The Five Senses: Touch and Acupuncture

The following writeup appeared in Fall 2011 edition of the Voice — the alumni magazine of my alma mater, Carleton College — as part of an article exploring the five senses:

Touch

Sometimes, fingertips are more useful medical tools than X-ray or MRI machines.

When Marilyn Yohe ’88 ushers somebody into her treatment room, one of her first tasks is to place three fingers on her patient’s wrist to feel for a pulse. Yohe, a licensed acupuncturist at Cambridge Health Associates in Cambridge, Massachusetts, will note the rate of the beat, just like a doctor or nurse, but she is also feeling for more than two dozen additional pulse qualities. “I’ll check for how deep the pulse is, how strong it is, and how wide it feels under my fingers,” she explains. “Sometimes the pulse feels slippery, like water pulsing through a garden hose, or choppy, like a wiper sputtering across a dry windshield.”

Ostow-081011-BrianHart-7947.jpgYohe, who graduated from the New England School of Acupuncture in 2004, has developed a finely tuned sense of touch that can distinguish among these subtle differences.

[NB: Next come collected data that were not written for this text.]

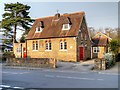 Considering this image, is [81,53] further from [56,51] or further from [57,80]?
[57,80]

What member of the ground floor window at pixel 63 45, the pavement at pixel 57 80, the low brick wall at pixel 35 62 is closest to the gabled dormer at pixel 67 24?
the ground floor window at pixel 63 45

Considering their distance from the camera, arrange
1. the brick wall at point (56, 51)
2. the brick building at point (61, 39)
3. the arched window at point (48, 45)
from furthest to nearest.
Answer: the arched window at point (48, 45) → the brick building at point (61, 39) → the brick wall at point (56, 51)

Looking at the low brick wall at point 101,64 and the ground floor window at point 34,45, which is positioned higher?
the ground floor window at point 34,45

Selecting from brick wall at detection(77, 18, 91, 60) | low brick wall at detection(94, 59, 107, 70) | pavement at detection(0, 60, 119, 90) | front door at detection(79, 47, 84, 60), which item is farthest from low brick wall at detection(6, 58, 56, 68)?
front door at detection(79, 47, 84, 60)

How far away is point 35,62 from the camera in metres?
35.4

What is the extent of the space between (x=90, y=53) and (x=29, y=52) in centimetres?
1193

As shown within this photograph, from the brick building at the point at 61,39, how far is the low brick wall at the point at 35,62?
8330mm

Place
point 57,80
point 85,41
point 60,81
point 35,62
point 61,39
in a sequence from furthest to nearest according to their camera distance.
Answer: point 85,41, point 61,39, point 35,62, point 57,80, point 60,81

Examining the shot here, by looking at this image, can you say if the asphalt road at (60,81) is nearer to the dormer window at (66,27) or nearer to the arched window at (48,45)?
the dormer window at (66,27)

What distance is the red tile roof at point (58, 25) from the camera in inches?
1678

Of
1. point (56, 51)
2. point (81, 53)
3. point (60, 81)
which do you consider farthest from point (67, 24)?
point (60, 81)

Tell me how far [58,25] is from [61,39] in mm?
3339

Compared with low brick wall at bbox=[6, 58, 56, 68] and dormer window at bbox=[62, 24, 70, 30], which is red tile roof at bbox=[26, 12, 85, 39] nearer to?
dormer window at bbox=[62, 24, 70, 30]

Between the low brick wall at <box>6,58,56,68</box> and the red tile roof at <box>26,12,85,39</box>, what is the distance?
29.5 ft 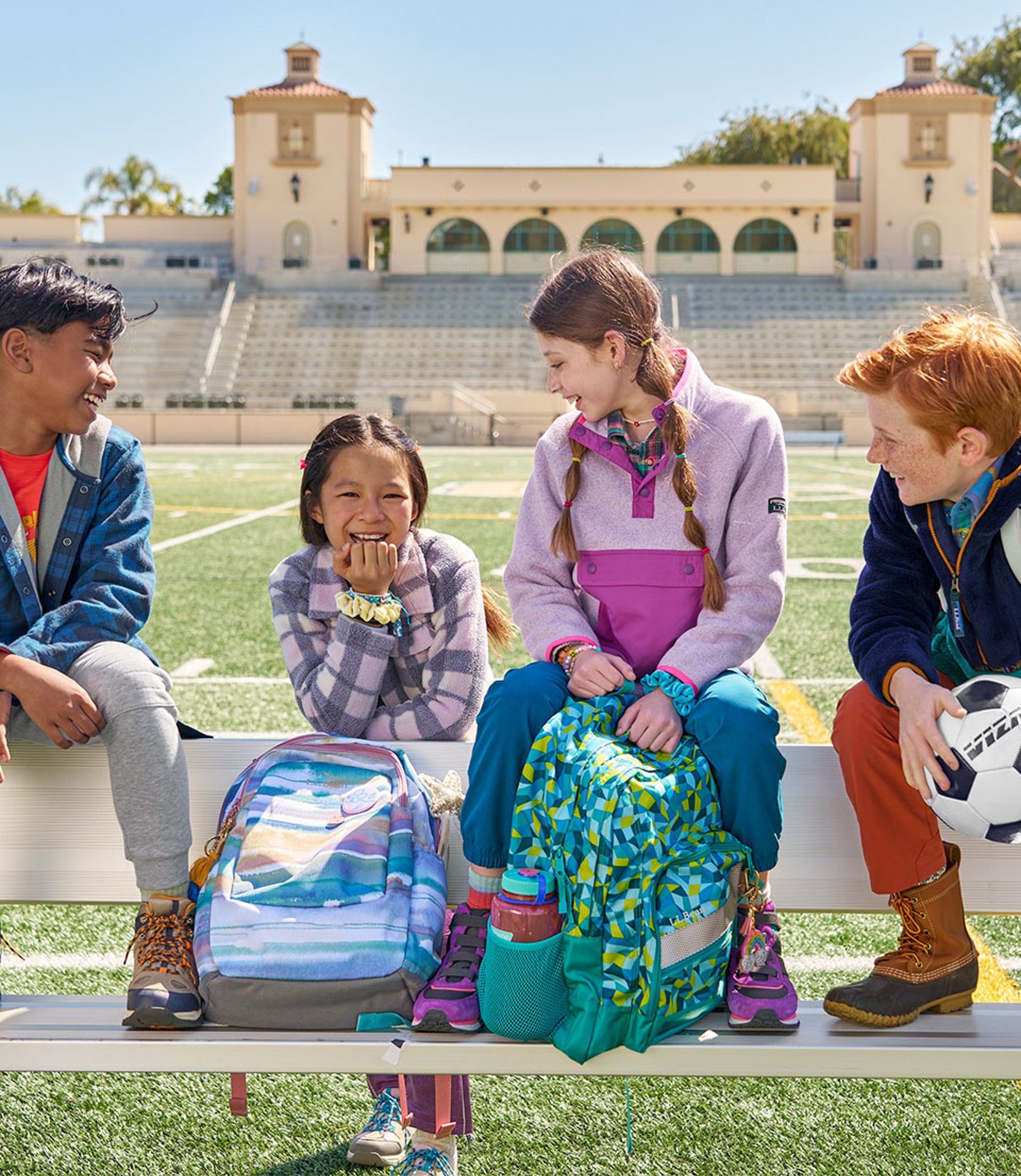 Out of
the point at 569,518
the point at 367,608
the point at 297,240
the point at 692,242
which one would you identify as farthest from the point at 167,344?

The characteristics in the pulse alone can tell Yohe a great deal about a patient: A hard and wiry pulse that feels like a guitar string may indicate stress and tension, while a slippery pulse may suggest sinus congestion or even pregnancy. She acknowledges that practitioners of Western medicine might be skeptical about these diagnoses. After all, it’s difficult to measure something that is described in ancient texts as feeling like “a sick silkworm eating a mulberry leaf.” But, she points out, noting pulse characteristics is a technique that’s survived for thousands of years.

Feeling the pulse is just one of the many diagnostic tools that Yohe uses to understand what is going on inside a person’s body, but it is one of the most important. The pulse is almost all that longtime practitioners need to start telling you what’s wrong, she says: “It’s a skill and an art that develops over time.”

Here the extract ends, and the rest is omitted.